Our New Year’s resolutions often set us up for failure, partly because, as Moshe Bar, director of the Cognitive Neuroscience Laboratory at Mass. General and Harvard Medical School explains in the Boston Globe, there’s more to the issue than just willpower.
“Our brains seek to be rewarded constantly, those rewards – manifested as pleasure and positive mood – are made up of neurotransmitters such as serotonin, dopamine and endorphins. Those molecules stock the shelves of the best opium den in the world, the one right between our ears, and we’re all hooked on them.”
To summarize, neurotransmitters are nature’s trick for encouraging us to do what is supposedly best for us, and every time we achieve a goal, we go to our ‘happy’ place. However, the little pleasure centre in our brain is also activated by drugs, alcohol, food and sex, to name just a few.

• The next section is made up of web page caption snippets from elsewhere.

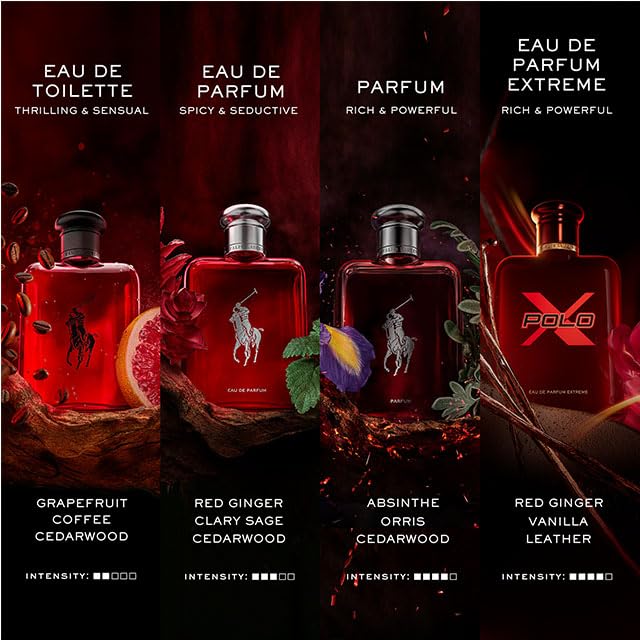 Display with full bottle and box conveys luxury fragrance experience.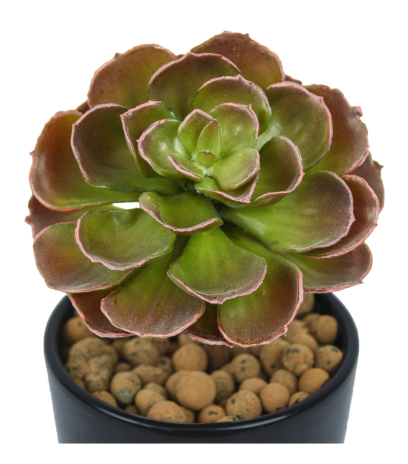 Petit crassula artificiel
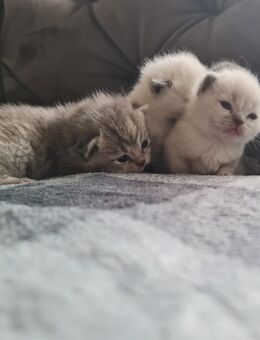 3 verschmuste BKH Kitten - Ravensburg Zentrum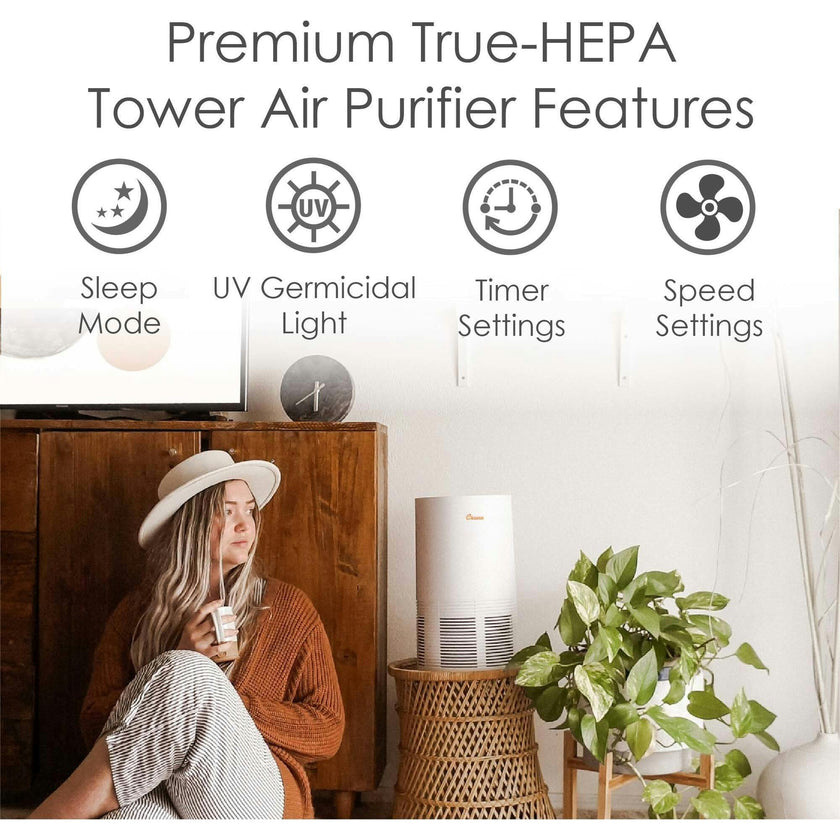 Air Purifier with True HEPA Filter – Quiet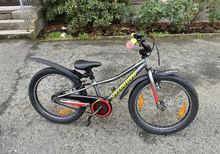 Specialized Riprock Coaster 20"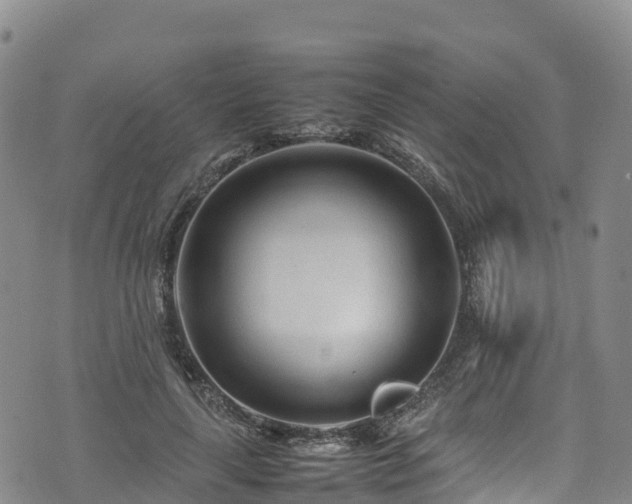 X0000074290643200609011408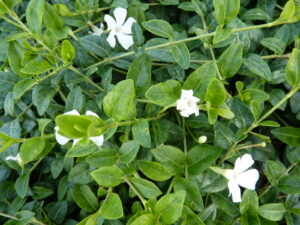 Kleines weißes Immergrün (Vinca Minor ‘alba’)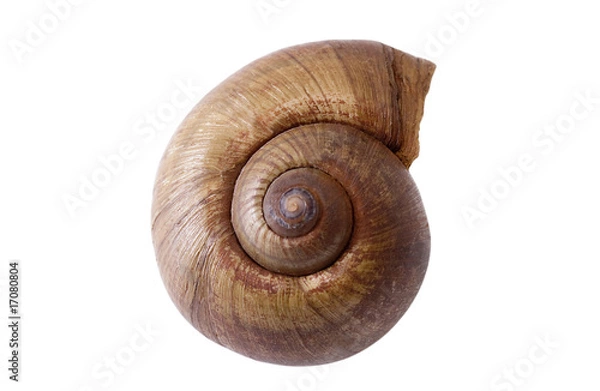 Obraz Schneckenhaus_3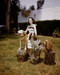 This is an image of Photograph & Poster of Elizabeth Taylor 288760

Fortunately the pleasure centre is also activated by exercise, meditation, creativity, singing and movement, to also name a few.
Hence the need to replace one habit with another, and even that, say the experts, should be done with a plan. If you want to replace watching TV with going for a run for instance, and you are experiencing a lot of inner resistance, try simply wearing your running shoes in the house for half-an-hour in the evening… walk about the house instead of watching television. Give your brain the chance to get used to the idea.
And use the SMART acronym so widely employed in business: Specific, Measurable, Achievable, Realistic, Trackable. It really works.
So what do you do if it’s just about now that you’re feeling despondent – the memory of all those best intentions being put firmly back in their box, and if you’re really hard on yourself a little balloon in your brain going ‘failure… I knew you couldn’t do it’?
You can still do it. Just prioritize your resolutions. Take one, make a plan, replace a habit, don’t beat yourself up. Give yourself a few weeks to introduce your brain to the idea that it’s going to work with you not against you on this one, and start again on February 1.